DataBlog
By Guido Romeo
Three Italian projects make it to the Data Journalism Awards finals (plus: a special behind the scenes)
#doveticuri, Gaza’s Gas and Medici obiettori: three Italian projects are among the 72 finalists vying for the 2013 Data Journalism Awards.
On June 20, at Paris’s Hotel de Ville, the final event of the 2013 Data Journalism Awards will reveal this year’s winners of what has come to be a sort of Pulitzer prize in the field of data journalism worldwide.

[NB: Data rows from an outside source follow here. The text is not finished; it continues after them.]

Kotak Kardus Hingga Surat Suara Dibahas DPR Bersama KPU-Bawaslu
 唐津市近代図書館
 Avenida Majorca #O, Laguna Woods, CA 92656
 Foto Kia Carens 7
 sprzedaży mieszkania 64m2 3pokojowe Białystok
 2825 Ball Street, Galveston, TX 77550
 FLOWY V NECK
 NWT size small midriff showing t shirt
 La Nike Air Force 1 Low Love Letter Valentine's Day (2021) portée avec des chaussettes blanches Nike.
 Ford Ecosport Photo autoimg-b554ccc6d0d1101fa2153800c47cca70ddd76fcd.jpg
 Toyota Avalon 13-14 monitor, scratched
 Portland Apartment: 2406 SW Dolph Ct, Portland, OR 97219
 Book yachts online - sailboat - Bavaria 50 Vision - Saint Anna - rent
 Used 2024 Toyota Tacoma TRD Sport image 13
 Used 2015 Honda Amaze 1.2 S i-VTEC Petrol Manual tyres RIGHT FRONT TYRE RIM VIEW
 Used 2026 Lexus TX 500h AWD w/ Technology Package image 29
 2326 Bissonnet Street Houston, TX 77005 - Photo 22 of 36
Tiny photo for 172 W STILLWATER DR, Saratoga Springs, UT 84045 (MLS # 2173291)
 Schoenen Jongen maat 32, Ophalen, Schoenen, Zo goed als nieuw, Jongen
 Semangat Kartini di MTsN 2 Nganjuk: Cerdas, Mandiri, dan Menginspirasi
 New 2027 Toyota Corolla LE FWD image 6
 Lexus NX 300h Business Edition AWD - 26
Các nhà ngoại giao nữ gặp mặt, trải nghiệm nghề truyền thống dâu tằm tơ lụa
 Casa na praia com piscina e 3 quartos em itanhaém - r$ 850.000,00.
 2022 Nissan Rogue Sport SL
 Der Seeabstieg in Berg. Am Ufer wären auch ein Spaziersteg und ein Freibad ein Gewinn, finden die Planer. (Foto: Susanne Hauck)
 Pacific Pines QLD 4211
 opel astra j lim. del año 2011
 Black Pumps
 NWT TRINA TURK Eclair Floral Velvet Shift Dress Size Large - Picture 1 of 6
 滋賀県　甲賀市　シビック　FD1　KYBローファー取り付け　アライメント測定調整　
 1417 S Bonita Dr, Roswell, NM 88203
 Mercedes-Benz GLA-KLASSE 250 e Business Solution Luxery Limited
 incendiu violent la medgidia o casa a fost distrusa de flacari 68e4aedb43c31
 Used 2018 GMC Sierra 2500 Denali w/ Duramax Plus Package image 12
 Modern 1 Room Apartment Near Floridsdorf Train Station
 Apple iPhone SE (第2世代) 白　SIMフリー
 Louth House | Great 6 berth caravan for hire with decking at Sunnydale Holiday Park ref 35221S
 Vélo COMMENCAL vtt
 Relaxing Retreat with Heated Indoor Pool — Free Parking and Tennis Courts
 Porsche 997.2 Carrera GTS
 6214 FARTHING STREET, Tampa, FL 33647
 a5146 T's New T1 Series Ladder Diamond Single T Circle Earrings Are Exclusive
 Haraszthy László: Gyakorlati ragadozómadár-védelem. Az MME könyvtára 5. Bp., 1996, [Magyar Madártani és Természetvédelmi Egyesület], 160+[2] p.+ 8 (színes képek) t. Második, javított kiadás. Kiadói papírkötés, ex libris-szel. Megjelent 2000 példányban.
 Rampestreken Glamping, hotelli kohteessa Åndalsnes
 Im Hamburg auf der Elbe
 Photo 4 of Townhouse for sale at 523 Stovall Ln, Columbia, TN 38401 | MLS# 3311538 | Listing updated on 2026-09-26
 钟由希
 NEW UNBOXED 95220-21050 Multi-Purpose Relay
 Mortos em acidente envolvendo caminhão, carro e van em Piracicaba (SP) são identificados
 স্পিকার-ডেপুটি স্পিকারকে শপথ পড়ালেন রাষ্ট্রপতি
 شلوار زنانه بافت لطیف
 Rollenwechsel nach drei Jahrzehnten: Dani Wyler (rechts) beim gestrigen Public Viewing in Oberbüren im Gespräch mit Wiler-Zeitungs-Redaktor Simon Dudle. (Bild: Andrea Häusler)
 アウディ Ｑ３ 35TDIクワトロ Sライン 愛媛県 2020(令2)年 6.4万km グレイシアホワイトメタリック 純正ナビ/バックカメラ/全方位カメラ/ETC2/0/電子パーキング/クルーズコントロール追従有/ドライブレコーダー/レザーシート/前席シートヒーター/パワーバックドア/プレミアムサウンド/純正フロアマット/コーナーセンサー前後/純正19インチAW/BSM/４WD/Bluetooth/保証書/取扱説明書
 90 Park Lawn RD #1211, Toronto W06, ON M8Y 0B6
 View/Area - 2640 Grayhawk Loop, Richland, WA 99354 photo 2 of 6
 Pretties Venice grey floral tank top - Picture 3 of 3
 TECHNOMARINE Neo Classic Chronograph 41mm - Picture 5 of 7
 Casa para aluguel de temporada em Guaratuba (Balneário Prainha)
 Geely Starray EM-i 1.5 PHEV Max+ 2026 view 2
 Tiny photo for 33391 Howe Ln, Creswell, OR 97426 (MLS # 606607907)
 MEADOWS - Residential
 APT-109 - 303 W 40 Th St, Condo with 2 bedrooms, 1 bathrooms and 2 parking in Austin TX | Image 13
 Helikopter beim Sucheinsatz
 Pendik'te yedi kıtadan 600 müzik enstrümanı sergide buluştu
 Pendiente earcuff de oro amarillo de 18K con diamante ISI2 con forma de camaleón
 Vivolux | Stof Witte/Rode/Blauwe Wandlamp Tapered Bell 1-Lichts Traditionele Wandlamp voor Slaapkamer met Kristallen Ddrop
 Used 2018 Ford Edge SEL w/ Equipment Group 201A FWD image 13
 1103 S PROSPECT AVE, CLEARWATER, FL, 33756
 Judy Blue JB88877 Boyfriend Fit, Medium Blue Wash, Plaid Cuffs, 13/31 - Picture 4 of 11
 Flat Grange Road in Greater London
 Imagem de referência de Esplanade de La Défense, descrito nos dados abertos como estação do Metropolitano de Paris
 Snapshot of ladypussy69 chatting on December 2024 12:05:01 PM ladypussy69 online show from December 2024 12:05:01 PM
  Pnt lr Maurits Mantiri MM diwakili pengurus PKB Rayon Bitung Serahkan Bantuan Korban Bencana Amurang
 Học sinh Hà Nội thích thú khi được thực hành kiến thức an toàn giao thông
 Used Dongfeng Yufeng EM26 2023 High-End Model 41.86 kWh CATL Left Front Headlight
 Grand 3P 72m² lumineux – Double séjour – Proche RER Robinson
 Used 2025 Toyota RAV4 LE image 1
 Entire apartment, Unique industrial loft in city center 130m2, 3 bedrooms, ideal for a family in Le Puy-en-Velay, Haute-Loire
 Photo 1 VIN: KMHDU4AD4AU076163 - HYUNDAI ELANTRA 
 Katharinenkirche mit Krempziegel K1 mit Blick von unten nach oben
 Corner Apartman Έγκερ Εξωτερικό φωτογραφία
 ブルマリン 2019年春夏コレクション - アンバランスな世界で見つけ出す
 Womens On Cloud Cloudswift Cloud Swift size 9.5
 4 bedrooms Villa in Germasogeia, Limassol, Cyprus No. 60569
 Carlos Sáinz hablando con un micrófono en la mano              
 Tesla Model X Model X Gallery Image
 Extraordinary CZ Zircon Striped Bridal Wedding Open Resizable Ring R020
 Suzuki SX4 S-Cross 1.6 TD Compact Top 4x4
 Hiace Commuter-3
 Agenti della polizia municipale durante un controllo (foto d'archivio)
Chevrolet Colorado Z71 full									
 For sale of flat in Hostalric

We are proud to announce that three Italian projects are running.
Jacopo Ottaviani’s inquiry on pro-life doctors, published on Il Fatto Quotidiano, is up for the “Data-driven investigative journalism - Big media” category, while in the parallel “small media” category you’ll find Cecilia Ferrara’s inquiry on EU funds destined to Gaza, published by the newly founded Irpi (full disclosure: I am on the association’s board, but did not take part in the inquiry), and “Wired Italia”’s Lo sai #doveticuri? (literally, “do you know where you are being cured?”), which includes the first map of Italian hospitals’ mortality rates (full disclosure/2: I am one of the authors).
The jury is currently working on making its evaluations, but popular vote counts too: you can express your preferences here.
The 72 projects represent a wonderful gamut of ideas, techniques and approaches to data journalism; Datablog will certainly cover the most interesting ones soon, but in the meantime I can tell you more about how #doveticuri – which I coordinated – developed. While the inquiry was not funded directly by the <ahref Foundation, the skills and knowledge acquired while carrying out the Foundation’s iData project were crucial, and we hope they will contribute to amplifying the civic effect of our efforts even more.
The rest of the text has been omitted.